This is a snippet of domestic history that hints at the wider social and  political turmoil of the Fifteenth Century.

The Victoria County History for Essex reveals that In 1454 Sir John Bataille temporarily forfeited two-thirds of his manor in Ongar.  He had pledged the property as surety for the good behaviour of Robert Poynings, who had been ‘carver and swordbearer’ to Jack Cade (and who had married Elizabeth Paston the same year as becoming involved in the Kent rebellion). He was pardoned and bound over to keep the peace, but failed to do so. It wasn’t until 1455 that Poynings was cleared of treason having been outlawed in the meantime. John Bataille, who’d clearly been a good friend to Poynings in his time of need, was left out of pocket. His land was removed from him by the king for 15 years – which is an awful lot of rent to miss out on especially as he died a short time after it was returned to his care.

 

There is evidence of  Sir John Bataille’s straitened circumstances because in 1468, he mortgaged the manor of Magdalen Laver to Sir Thomas Cooke for £200. Soon afterwards Thomas became owner of the estate. (S) Magdalen Laver: Manor, A History of the County of Essex: V4: 1956.

 

And don’t be mistaken into believing that Robert Poynings was a disgruntled soldier returning from the disasterous war with France neither was he a yeoman nor a peasant who was fed up with taxation and an unfair social system. No, not at all…Robert Poynings’ grandfather was a baron who had settled the manors of Newington, Eastwell and Westwood in Kent on his granddaughter, Eleanor Poynings – the wife of the Earl of Northumberland. Our Robert had a countess for a niece and he wasn’t happy that she’d bagged the land which he had his eye upon. Even worse, someone else had carted off his grandfather’s belongings. (Was everyone related to everyone else at the beginning of the Wars of the Roses?  It must have been ever so difficult to keep track of which members of your family you weren’t speaking with.)  Anyway, back to Poynings -it was this disgruntlement with his grandfather’s will  and the response to his lawsuit that apparently led him to join with Cade. It didn’t do him any harm in the long run as he ended up as MP for Sussex.

 

So why did Sir John pledge his property?
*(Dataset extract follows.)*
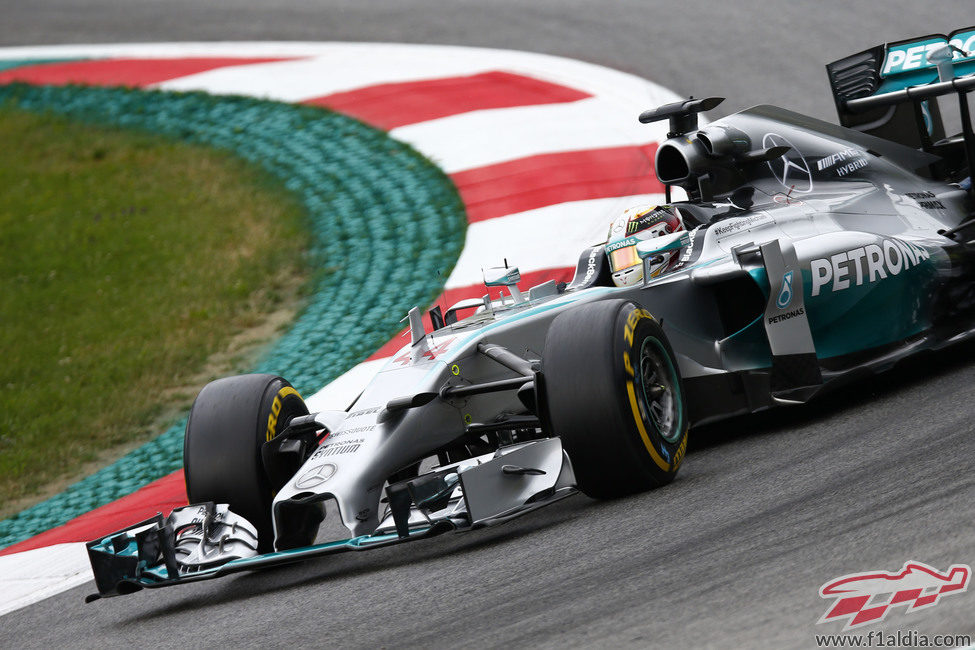 Lewis Hamilton comienza el fin de semana con buen pie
Well his wife Elizabeth who was the daughter of John Orell and Alice Poynings.  Didn’t I say everyone was related to everyone else?

Now while this isn’t a complete biography by any stretch of the imagination it does provide a snapshot that goes to show that family alliances and friendships could have far reaching consequences during the reign of Henry VI in the run up to the Wars of the Roses.